This patch introduces more sysfs interfaces for Accelerated
Function Unit (AFU). These interfaces allow users to read
current AFU Power State (APx), read / clear AFU Power (APx)
events which are sticky to identify transient APx state,
and manage AFU's LTR (latency tolerance reporting).

Signed-off-by: Ananda Ravuri <ananda.ravuri@intel.com>
Signed-off-by: Xu Yilun <yilun.xu@intel.com>
Signed-off-by: Wu Hao <hao.wu@intel.com>
Acked-by: Alan Tull <atull@kernel.org>
Signed-off-by: Moritz Fischer <mdf@kernel.org>
---
v2: rebased, and remove DRV/MODULE_VERSION modifications
v3: update kernel version and date in sysfs doc
v4: improve description in sysfs doc avoid misunderstanding.
    switch to kstrtobool in sysfs entry store function.
---
 Documentation/ABI/testing/sysfs-platform-dfl-port |  32 +++++
 drivers/fpga/dfl-afu-main.c                       | 137 ++++++++++++++++++++++
 drivers/fpga/dfl.h                                |  11 ++
 3 files changed, 180 insertions(+)

diff --git a/Documentation/ABI/testing/sysfs-platform-dfl-port b/Documentation/ABI/testing/sysfs-platform-dfl-port
index 6a92dda..1ab3e6f 100644
--- a/Documentation/ABI/testing/sysfs-platform-dfl-port
+++ b/Documentation/ABI/testing/sysfs-platform-dfl-port
@@ -14,3 +14,35 @@ Description:	Read-only.
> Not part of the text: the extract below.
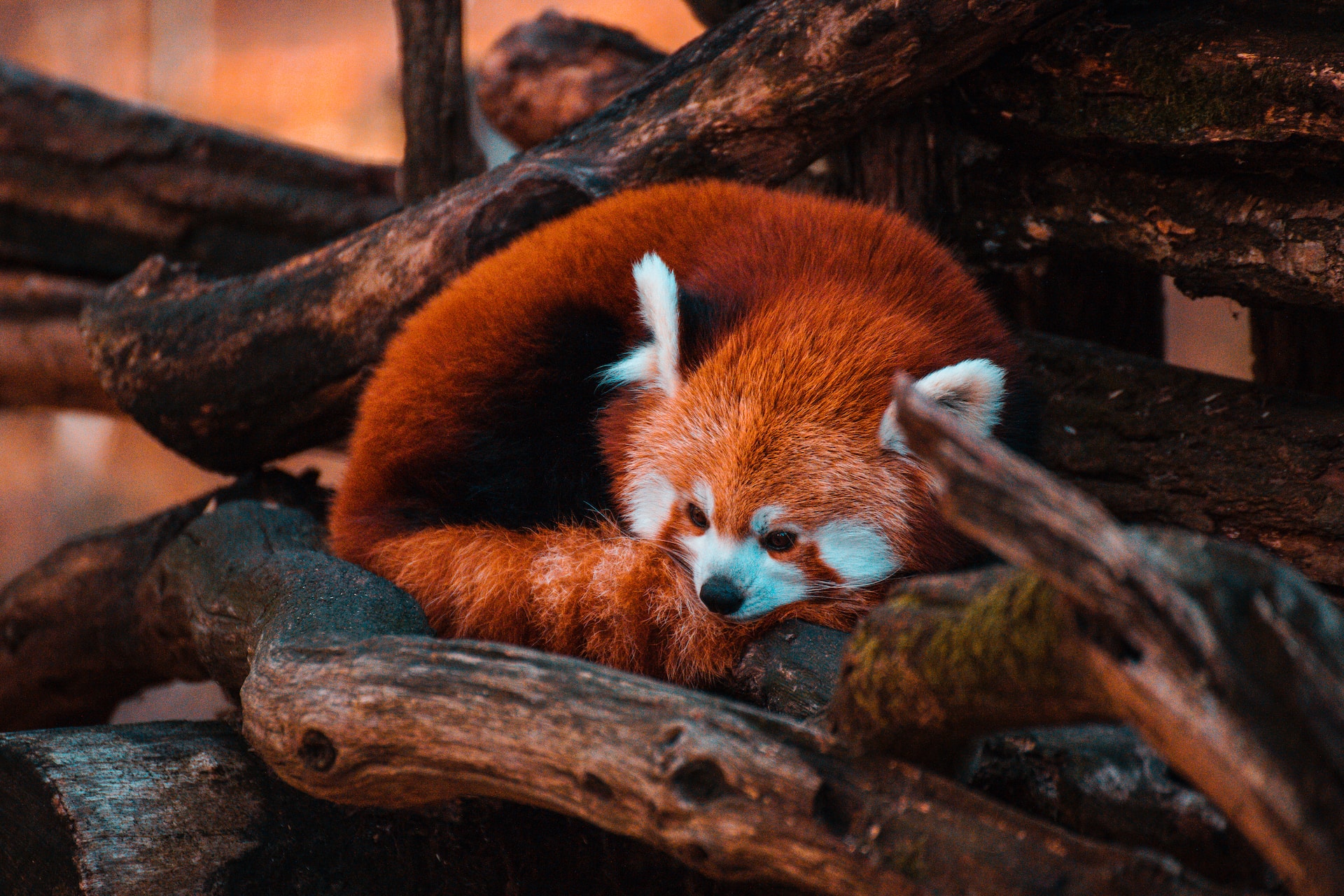 sleeping red pandas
User can program different PR bitstreams to FPGA
 		Accelerator Function Unit (AFU) for different functions. It
 		returns uuid which could be used to identify which PR bitstream
 		is programmed in this AFU.
+
+What:		/sys/bus/platform/devices/dfl-port.0/power_state
+Date:		August 2019
+KernelVersion:	5.4
+Contact:	Wu Hao <hao.wu@intel.com>
+Description:	Read-only. It reports the APx (AFU Power) state, different APx
+		means different throttling level. When reading this file, it
+		returns "0" - Normal / "1" - AP1 / "2" - AP2 / "6" - AP6.
+
+What:		/sys/bus/platform/devices/dfl-port.0/ap1_event
+Date:		August 2019
+KernelVersion:	5.4
+Contact:	Wu Hao <hao.wu@intel.com>
+Description:	Read-write. Read this file for AP1 (AFU Power State 1) event.
+		It's used to indicate transient AP1 state. Write 1 to this
+		file to clear AP1 event.
+
+What:		/sys/bus/platform/devices/dfl-port.0/ap2_event
+Date:		August 2019
+KernelVersion:	5.4
+Contact:	Wu Hao <hao.wu@intel.com>
+Description:	Read-write. Read this file for AP2 (AFU Power State 2) event.
+		It's used to indicate transient AP2 state. Write 1 to this
+		file to clear AP2 event.
+
+What:		/sys/bus/platform/devices/dfl-port.0/ltr
+Date:		August 2019
+KernelVersion:	5.4
+Contact:	Wu Hao <hao.wu@intel.com>
+Description:	Read-write. Read or set AFU latency tolerance reporting value.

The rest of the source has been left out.